Charles Lawthers Donnelly Jr. (August 24, 1929 - July 3, 1994) was a general in the United States Air Force who served as Commander in Chief, United States Air Forces in Europe/Commander, Allied Air Forces Central Europe from 1984 to 1987. Donnelly was also a fighter pilot in the Vietnam War. He died of cancer in Malcolm Grow Medical Center at Andrews Air Force Base on July 3, 1994, at the age of 64.

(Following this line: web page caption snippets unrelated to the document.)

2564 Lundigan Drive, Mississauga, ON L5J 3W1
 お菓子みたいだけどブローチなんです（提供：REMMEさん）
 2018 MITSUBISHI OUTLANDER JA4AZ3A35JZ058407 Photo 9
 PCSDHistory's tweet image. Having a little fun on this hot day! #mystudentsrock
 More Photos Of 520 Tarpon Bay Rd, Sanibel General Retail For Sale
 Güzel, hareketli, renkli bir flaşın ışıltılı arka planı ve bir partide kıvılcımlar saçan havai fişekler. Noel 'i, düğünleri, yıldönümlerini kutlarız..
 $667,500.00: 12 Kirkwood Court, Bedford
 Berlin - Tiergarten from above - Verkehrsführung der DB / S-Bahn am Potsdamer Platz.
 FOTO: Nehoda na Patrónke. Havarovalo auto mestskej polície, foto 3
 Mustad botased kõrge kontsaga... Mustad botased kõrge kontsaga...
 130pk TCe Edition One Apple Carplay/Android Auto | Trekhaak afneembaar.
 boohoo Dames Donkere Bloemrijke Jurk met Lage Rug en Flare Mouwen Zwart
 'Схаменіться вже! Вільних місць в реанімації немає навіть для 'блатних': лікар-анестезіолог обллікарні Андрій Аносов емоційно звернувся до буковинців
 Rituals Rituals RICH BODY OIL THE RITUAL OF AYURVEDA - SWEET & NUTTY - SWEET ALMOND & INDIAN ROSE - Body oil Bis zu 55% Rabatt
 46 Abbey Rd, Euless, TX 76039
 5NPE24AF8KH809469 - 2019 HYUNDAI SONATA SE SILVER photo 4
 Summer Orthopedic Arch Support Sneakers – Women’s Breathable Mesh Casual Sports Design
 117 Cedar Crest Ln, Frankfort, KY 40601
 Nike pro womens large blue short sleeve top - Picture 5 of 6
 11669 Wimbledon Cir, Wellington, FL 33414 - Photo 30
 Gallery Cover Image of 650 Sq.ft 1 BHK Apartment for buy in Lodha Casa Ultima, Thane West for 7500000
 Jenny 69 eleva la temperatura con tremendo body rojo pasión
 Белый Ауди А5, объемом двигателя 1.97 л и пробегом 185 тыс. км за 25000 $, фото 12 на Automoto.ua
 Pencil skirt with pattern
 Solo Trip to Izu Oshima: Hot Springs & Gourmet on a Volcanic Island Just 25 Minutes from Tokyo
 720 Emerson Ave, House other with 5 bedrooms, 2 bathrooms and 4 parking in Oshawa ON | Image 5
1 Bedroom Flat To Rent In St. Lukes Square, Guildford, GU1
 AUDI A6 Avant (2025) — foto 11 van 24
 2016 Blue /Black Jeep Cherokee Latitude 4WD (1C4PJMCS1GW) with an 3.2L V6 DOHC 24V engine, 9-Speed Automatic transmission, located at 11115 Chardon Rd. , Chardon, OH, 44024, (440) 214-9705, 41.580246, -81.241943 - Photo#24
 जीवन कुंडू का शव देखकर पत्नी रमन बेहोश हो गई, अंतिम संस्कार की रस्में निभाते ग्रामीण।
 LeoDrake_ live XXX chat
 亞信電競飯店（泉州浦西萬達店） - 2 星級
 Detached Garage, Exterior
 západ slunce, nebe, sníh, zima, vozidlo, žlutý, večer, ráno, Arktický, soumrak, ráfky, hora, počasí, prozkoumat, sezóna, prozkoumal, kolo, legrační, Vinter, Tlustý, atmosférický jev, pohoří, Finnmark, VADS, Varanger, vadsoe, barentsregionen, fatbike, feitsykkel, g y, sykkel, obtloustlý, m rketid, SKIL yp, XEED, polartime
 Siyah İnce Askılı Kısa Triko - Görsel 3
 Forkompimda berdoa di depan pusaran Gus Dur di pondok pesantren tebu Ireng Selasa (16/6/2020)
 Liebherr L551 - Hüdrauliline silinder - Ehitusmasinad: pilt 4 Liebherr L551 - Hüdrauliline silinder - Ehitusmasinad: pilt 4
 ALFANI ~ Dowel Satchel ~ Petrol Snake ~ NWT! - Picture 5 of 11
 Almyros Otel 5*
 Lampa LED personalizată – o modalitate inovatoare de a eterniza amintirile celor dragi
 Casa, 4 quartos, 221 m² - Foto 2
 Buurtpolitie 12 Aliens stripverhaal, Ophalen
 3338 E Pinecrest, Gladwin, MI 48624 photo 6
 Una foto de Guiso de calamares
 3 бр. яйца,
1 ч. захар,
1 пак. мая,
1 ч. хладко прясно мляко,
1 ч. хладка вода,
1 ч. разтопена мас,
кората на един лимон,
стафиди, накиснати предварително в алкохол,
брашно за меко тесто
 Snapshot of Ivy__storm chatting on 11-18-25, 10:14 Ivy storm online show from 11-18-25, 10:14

==Personal life and education==
Donnelly was born in Barberton, Ohio. He was the brother of Susan Hatfield of Canal Winchester, Ohio, and Margaret Bischoff of Antioch, Illinois. He married Carolyn Vandersall Donnelly and had a daughter with her: Linda D. Wieland.

Donnelly graduated from Otterbein College in Westerville, Ohio, in 1950. He then joined the United States Air Force (USAF) as an aviation cadet. He gained a master's degree in public administration from George Washington University and graduated from the Squadron Officer School, the Air Command and Staff College, the Air War College, and the Royal College of Defense Studies in London, UK. Donnelly had more than 8,000 hours of flight time in 38 types of aircraft.

==Military career==
In the 1950s Donnelly flew F-51 Mustang and F-86 Sabre fighter aircraft for the 431st Fighter-Interceptor Squadron at Selfridge Air Force Base in Michigan and what was then Wheelus Air Base in Libya. Following assignments as an instructor, operations officer and aide-de-camp, he was stationed with the 555th Tactical Fighter Squadron at the Ubon Royal Thai Air Force Base in 1966. He flew 100 combat missions over North Vietnam and 27 over Laos. After that he was stationed at USAF headquarters in Washington, DC. He was then posted as chief of the United States Military Training Mission to Saudi Arabia, prior to assuming command of the Fifth Air Force and United States Forces Japan at Yokota Air Base. He was in charge of U.S. forces both in Japan and South Korea. He was then posted to Ramstein Air Base, West Germany to become commander of United States Air Forces in Europe and Allied Air Forces Central Europe from 1984 to 1987.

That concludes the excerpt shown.